Task directions:
Copy exactly the stretch of data below from the line with "A Rocket League car design from Borsty308" through the line with "Wolf Token [Shadowmoor", including both of those lines.
BEGIN Task input
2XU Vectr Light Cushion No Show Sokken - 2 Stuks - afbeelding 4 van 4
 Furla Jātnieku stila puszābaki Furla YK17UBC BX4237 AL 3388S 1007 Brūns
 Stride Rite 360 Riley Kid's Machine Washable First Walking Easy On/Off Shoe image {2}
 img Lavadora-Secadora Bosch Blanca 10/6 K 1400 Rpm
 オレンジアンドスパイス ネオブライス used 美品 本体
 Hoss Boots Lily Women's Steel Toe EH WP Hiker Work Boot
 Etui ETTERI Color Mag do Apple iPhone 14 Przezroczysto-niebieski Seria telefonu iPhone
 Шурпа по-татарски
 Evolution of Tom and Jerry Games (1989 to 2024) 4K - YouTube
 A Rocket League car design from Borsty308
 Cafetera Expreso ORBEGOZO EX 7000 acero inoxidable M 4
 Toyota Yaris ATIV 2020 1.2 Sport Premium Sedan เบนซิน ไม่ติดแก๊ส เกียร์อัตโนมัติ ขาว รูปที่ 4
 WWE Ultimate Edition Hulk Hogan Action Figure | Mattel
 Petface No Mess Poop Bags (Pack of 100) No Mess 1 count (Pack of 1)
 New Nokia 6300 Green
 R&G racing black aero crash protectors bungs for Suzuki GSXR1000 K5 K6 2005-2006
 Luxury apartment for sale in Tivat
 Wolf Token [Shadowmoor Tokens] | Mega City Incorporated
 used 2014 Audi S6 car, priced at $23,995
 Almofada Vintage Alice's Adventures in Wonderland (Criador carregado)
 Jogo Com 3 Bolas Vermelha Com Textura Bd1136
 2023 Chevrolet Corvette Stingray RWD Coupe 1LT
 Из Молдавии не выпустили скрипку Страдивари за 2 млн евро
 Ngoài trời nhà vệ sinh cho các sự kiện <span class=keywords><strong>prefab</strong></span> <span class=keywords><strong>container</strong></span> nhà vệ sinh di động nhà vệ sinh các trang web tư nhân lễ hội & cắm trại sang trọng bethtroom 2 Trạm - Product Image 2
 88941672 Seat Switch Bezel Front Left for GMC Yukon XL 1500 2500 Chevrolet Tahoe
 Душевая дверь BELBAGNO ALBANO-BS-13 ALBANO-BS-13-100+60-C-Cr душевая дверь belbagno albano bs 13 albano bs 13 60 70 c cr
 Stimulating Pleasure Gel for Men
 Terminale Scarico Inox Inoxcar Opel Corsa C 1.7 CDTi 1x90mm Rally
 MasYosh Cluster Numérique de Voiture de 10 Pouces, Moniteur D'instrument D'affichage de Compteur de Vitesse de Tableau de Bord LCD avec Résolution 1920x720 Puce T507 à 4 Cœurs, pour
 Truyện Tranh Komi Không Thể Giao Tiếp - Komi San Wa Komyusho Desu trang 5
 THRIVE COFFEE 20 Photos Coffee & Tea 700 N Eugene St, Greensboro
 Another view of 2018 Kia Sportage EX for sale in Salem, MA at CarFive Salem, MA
END Task input
The answer:
 A Rocket League car design from Borsty308
 Cafetera Expreso ORBEGOZO EX 7000 acero inoxidable M 4
 Toyota Yaris ATIV 2020 1.2 Sport Premium Sedan เบนซิน ไม่ติดแก๊ส เกียร์อัตโนมัติ ขาว รูปที่ 4
 WWE Ultimate Edition Hulk Hogan Action Figure | Mattel
 Petface No Mess Poop Bags (Pack of 100) No Mess 1 count (Pack of 1)
 New Nokia 6300 Green
 R&G racing black aero crash protectors bungs for Suzuki GSXR1000 K5 K6 2005-2006
 Luxury apartment for sale in Tivat
 Wolf Token [Shadowmoor Tokens] | Mega City Incorporated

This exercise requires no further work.